* [DESCRIPTION OF THE TASK] Instruction for the listing below: copy exactly, and only, the lines from the one holding "Linda Eide's Instagram, Twitter & Facebook" through its last line, omitting any picture.

* [DATA UNDER STUDY]

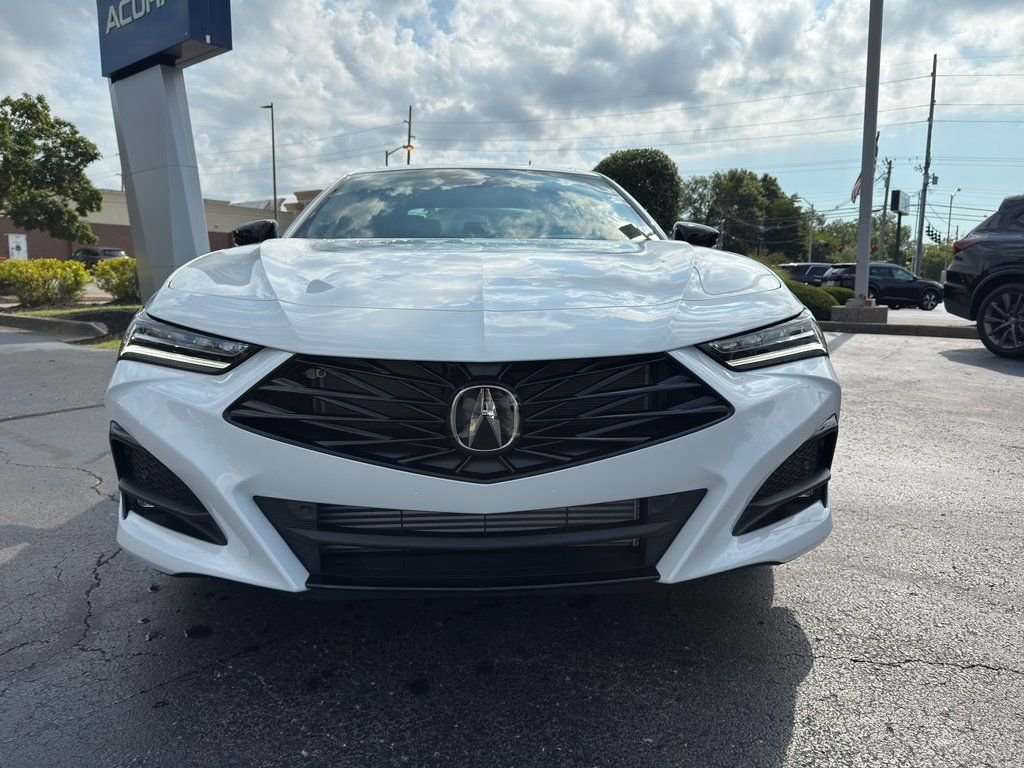 2025 Acura TLX A-Spec Package - Photo 9
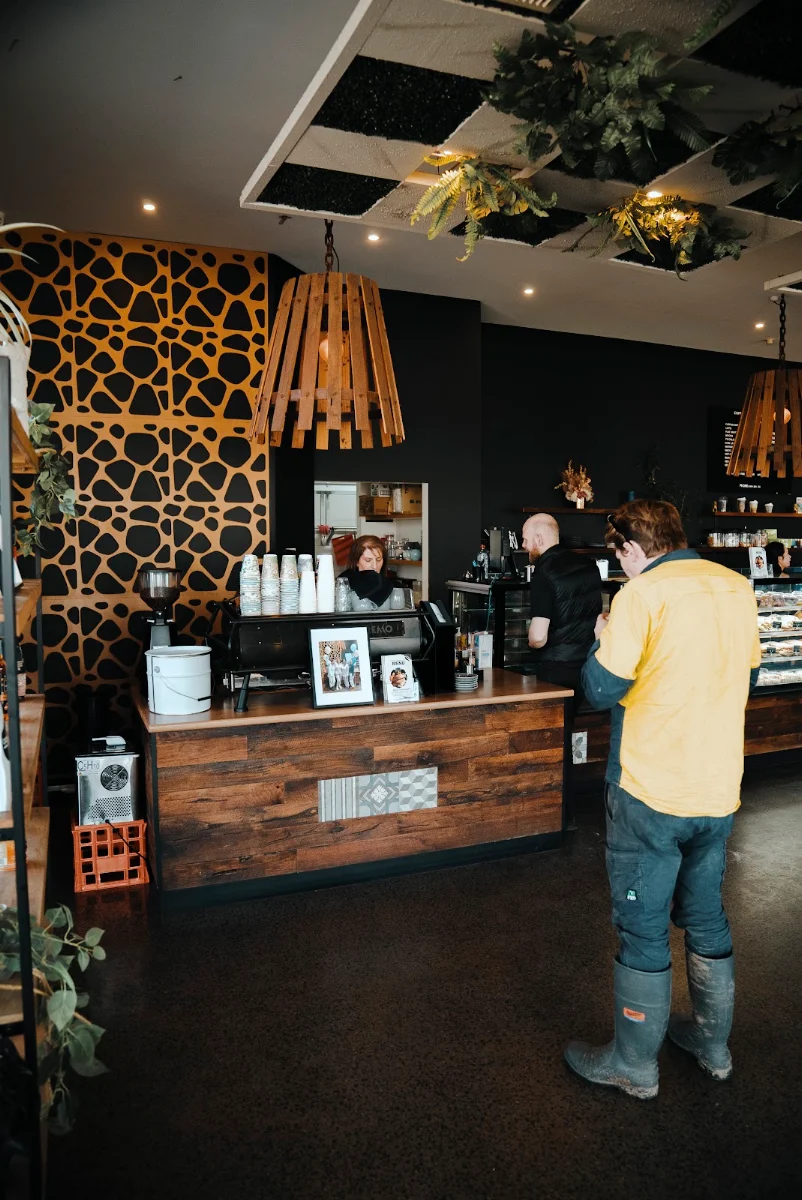 Vibe, Coffee Espress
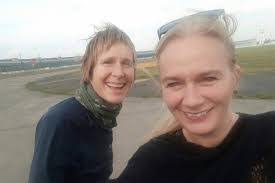 Linda Eide's Instagram, Twitter & Facebook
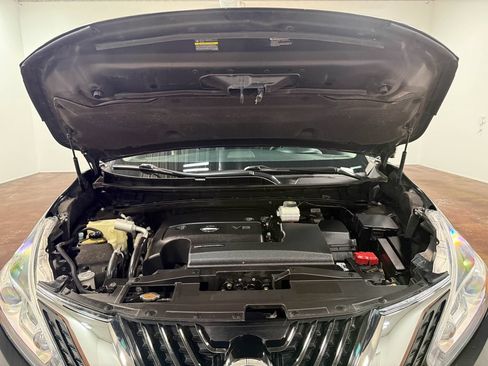 Used 2015 Nissan Murano Platinum w/ Platinum Technology Package AWD/4WD image 84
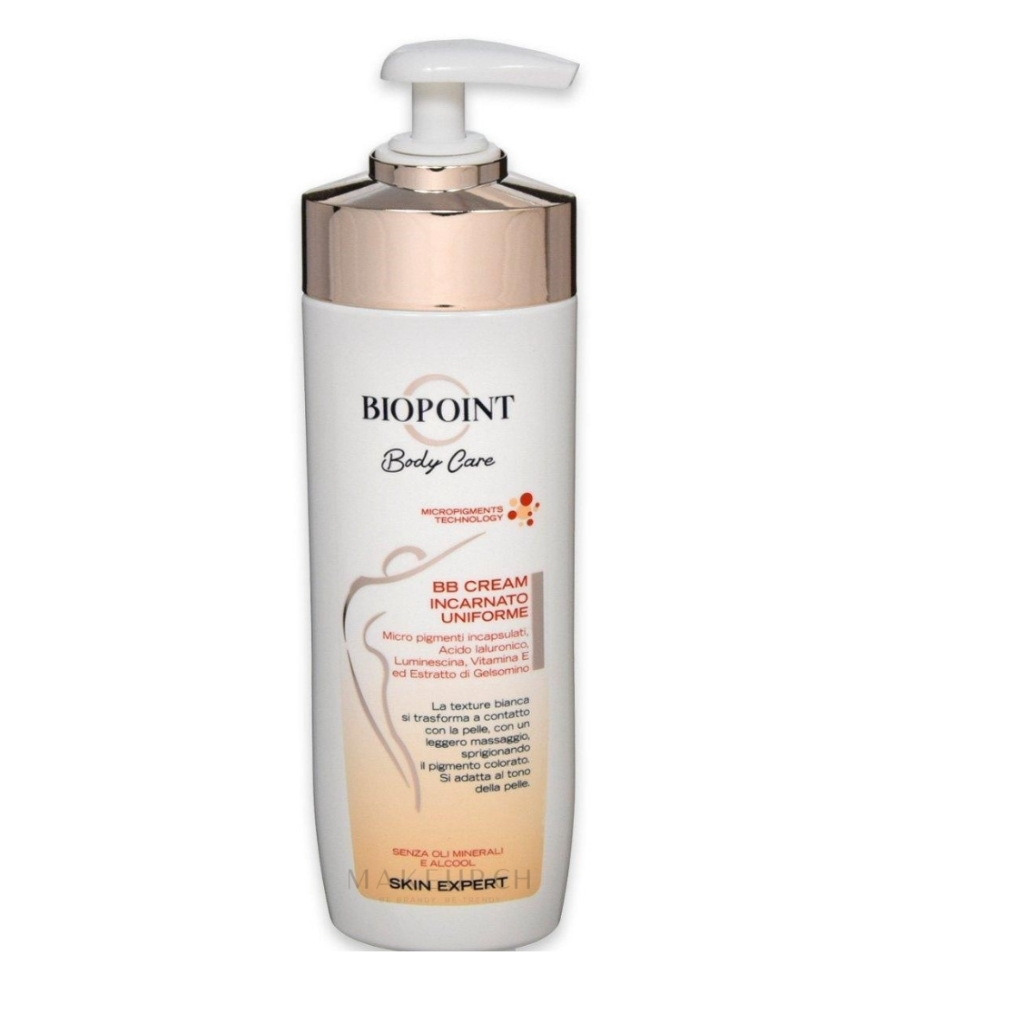 Biopoint BB-Creme Incarnato Uniforme, 200ml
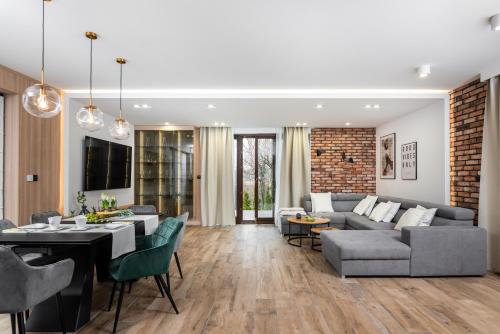 Ucieknij do luksusu: Villa Wola, Cracovia (foto 9)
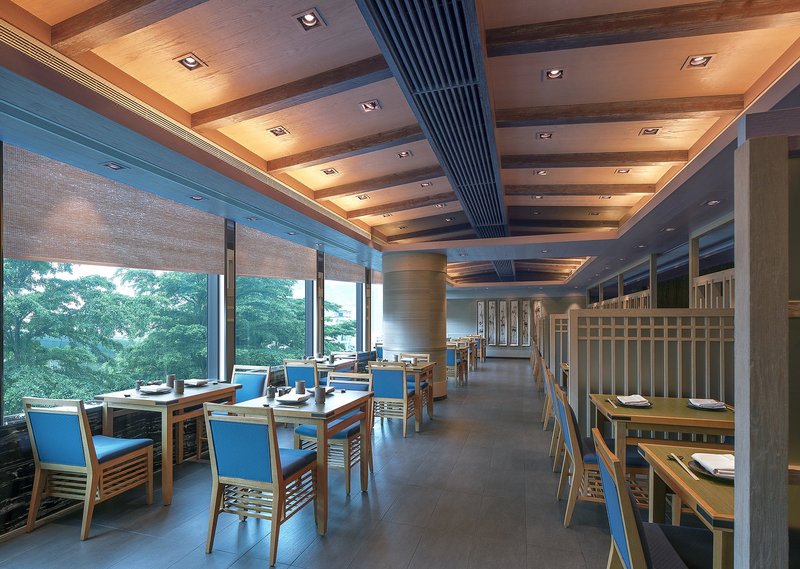 New World Millennium Hong Kong Hotel Restaurant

* [YOUR SOLUTION]
 Linda Eide's Instagram, Twitter & Facebook
 Used 2015 Nissan Murano Platinum w/ Platinum Technology Package AWD/4WD image 84
 Biopoint BB-Creme Incarnato Uniforme, 200ml
 Ucieknij do luksusu: Villa Wola, Cracovia (foto 9)
 New World Millennium Hong Kong Hotel Restaurant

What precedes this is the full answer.